Bladder Carcinoma

Bladder Carcinoma

Todd M. Blodgett, MD

Alex Ryan, MD

Omar Almusa, MD

Axial graphic demonstrates a focal mass arising from the posterior aspect of the bladder near the left ureterovesical junction image.

Axial fused PET/CT in a patient scanned in the prone position shows a focal area of activity image, compatible with known bladder cancer.


Abbreviations and Synonyms

  • Bladder carcinoma, urothelial carcinoma, transitional cell carcinoma (TCC)
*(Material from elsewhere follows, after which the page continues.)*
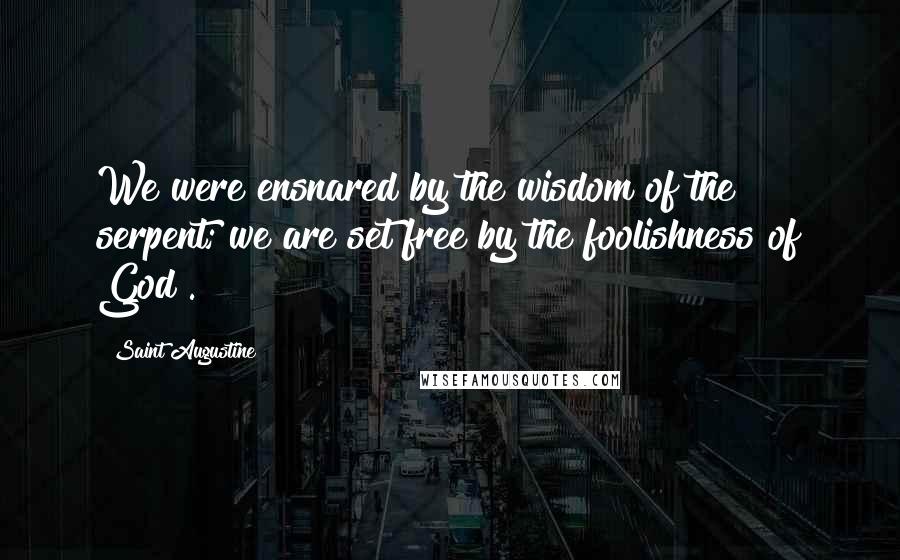 Saint Augustine quotes: We were ensnared by the wisdom of the serpent; we are set free by the foolishness of God .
  • Malignancy of the urinary bladder


General Features

  • Best diagnostic clue

    • PET/CT: Focal increased FDG activity in primary tumor, ± in regional and distant lymph nodes, lung, liver, bone

    • CT: Enhancing focal/asymmetric mass in the urinary bladder

  • Location

    • Usually arises in the bladder wall

    • Can be multifocal

    • Local invasion

      • Detrusor muscle, prostate, uterus, vagina, seminal vesicles, rectum

    • Lymphatic spread (30% of tumors that only involve bladder wall; 60% of those with extravesicular invasion)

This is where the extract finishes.